Aftermath of the South Dakota Northern Plains spring storm
CAMP CROOK, S.D. – South Dakota ranchers have been immersed in challenges in the past two years with drought conditions. With the recent snowstorm, ranchers are weathering yet another challenge during a crucial time of year – calving season.
While livestock producers are desperate for the moisture with more than half the state in severe drought conditions, the snow and the wind have been a battle for producers that are still calving.
North Western South Dakota, South Western North Dakota and Eastern Montana seem to have been near the bullseye of the April blizzard, with reports of 16″ – 20″ of snow, along with wind gusts up to 61 mph in the area that has caused severe drifting and white-out conditions.
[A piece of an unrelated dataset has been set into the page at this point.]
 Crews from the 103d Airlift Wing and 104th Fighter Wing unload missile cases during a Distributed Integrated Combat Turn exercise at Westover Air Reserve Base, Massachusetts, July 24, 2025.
Such extremes in weather can cause lasting damage to calves and bury livestock in snow drifts. In these weather conditions, a newborn calf can only survive approximately 15 minutes before hypothermia sets in and freezes to death. The weather with temperature fluctuations also impacts the health of all livestock with the potential of causing respiratory issues.
Kimberly and her husband Pro Rodeo Cowboy Jesse Bail ranch near Camp Crook. They report getting 16″ of snow from the storm.
“Monday we brought in all the cows that had not calved and we fed the pairs in the draws or near stockades. Since then the wind and snow blew so bad you couldn’t make it out to check on the pairs,” said Kimberly Bail.
Video courtesy of the Bail Ranch.
“Today is finally a day we can rescue animals, the winds have slowed so it is no longer a whiteout,” said Bail. “These poor colts left their shelter to go eat hay and the wind swirled drifts taller than they are around them and trapping them at the hay all night.”
“Today we have some calves buried in snow and cows and calves that went with the wind into pastures they weren’t supposed to be in,” said Bail who reports finding three dead calves. “This poor guy was buried and we could hardly tell he was there.”
The last time this area saw a spring storm this severe was in 1997, when Harding County ranchers were using snowmobiles to check pairs. With blizzard conditions, tractors sometimes aren’t enough to get the job done, gelling up or by getting stuck in deep drifts.